[R] recursive relevel
baptiste auguie
ba208 at exeter.ac.uk
Fri Jan 9 16:49:51 CET 2009
Thanks Thierry,
A quick test shows almost equivalent timing with the modification of
relevel() suggested earlier:
> relevel <-
> function (x, ref, ...)
> {
> lev <- levels(x)
> if (is.character(ref))
> ref <- match(ref, lev)
> if (any(is.na(ref)))
> stop("'ref' must be an existing level")
> nlev <- length(lev)
> if (any(ref < 1 | ref > nlev))
> stop(gettextf("ref = %d must be in 1:%d", ref, nlev),
> domain = NA)
> factor(x, levels = lev[c(ref, seq_along(lev)[-ref])])
> }
> > system.time(relevel(y, c("D", "B")))
> user system elapsed
> 5.972 0.258 6.395
> >
> > system.time(order.factor3(y, c("D", "B")))
> user system elapsed
> 5.962 0.274 6.459
It's always good to learn other options, though.
Thanks,
baptiste
On 9 Jan 2009, at 15:50, ONKELINX, Thierry wrote:
> Dear Baptiste,
>
> You can avoid the recursive stuff.
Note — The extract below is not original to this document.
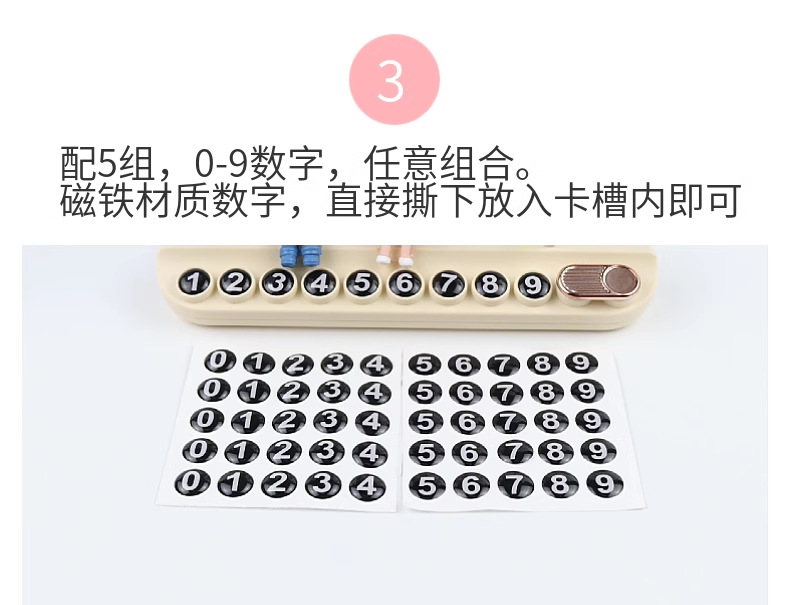 Car Temporary Parking New Mobile Phone Number Plate Car Cute Cartoon Aromatherapy Creative Move Inside Parking Ornaments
And it will run about twice as
> fast.
>
>> order.factor <- function (x, ref)
> + {
> + last.index <- length(ref) # convenience for matlab's end keyword
> + if(last.index == 1) return(relevel(x, ref)) # end case, normal case
> + my.new.list <- list(x=relevel(x, ref[last.index]), ref=ref[-
> last.index])
> + return(do.call(order.factor, my.new.list)) # recursive call
> + }
>>
>> order.factor2 <- function(x, ref){
> + factor(x, levels = c(ref, sort(levels(x)[!levels(x) %in% ref])))
> + }
>> order.factor3 <- function(x, ref){
> + factor(x, levels = c(ref, sort(levels(x)[!levels(x) %in%
> ref])), labels = c(ref, sort(levels(x)[!levels(x) %in% ref])))
> + }
>>
>> x <- factor(sample(LETTERS[1:5], 10000000, replace = TRUE))
>> y <- factor(sample(LETTERS[1:20], 10000000, replace = TRUE))
>> system.time(order.factor(x, c("D", "B")))
> user system elapsed
> 5.69 0.38 6.09
>> system.time(order.factor2(x, c("D", "B")))
> user system elapsed
> 3.90 0.20 4.12
>> system.time(order.factor3(x, c("D", "B")))
> user system elapsed
> 3.26 0.19 3.46
>> system.time(order.factor(y, c("D", "B")))
> user system elapsed
> 17.43 0.39 17.84
>> system.time(order.factor3(y, c("D", "B")))
> user system elapsed
> 8.25 0.17 8.46
>
>
> HTH,
>
> Thierry
>
>
> ----------------------------------------------------------------------------
> ir. Thierry Onkelinx
> Instituut voor natuur- en bosonderzoek / Research Institute for
> Nature and Forest
> Cel biometrie, methodologie en kwaliteitszorg / Section biometrics,
> methodology and quality assurance
> Gaverstraat 4
> 9500 Geraardsbergen
> Belgium
> tel. + 32 54/436 185
> Thierry.Onkelinx at inbo.be
> www.inbo.be
>
> To call in the statistician after the experiment is done may be no
> more than asking him to perform a post-mortem examination: he may be
> able to say what the experiment died of.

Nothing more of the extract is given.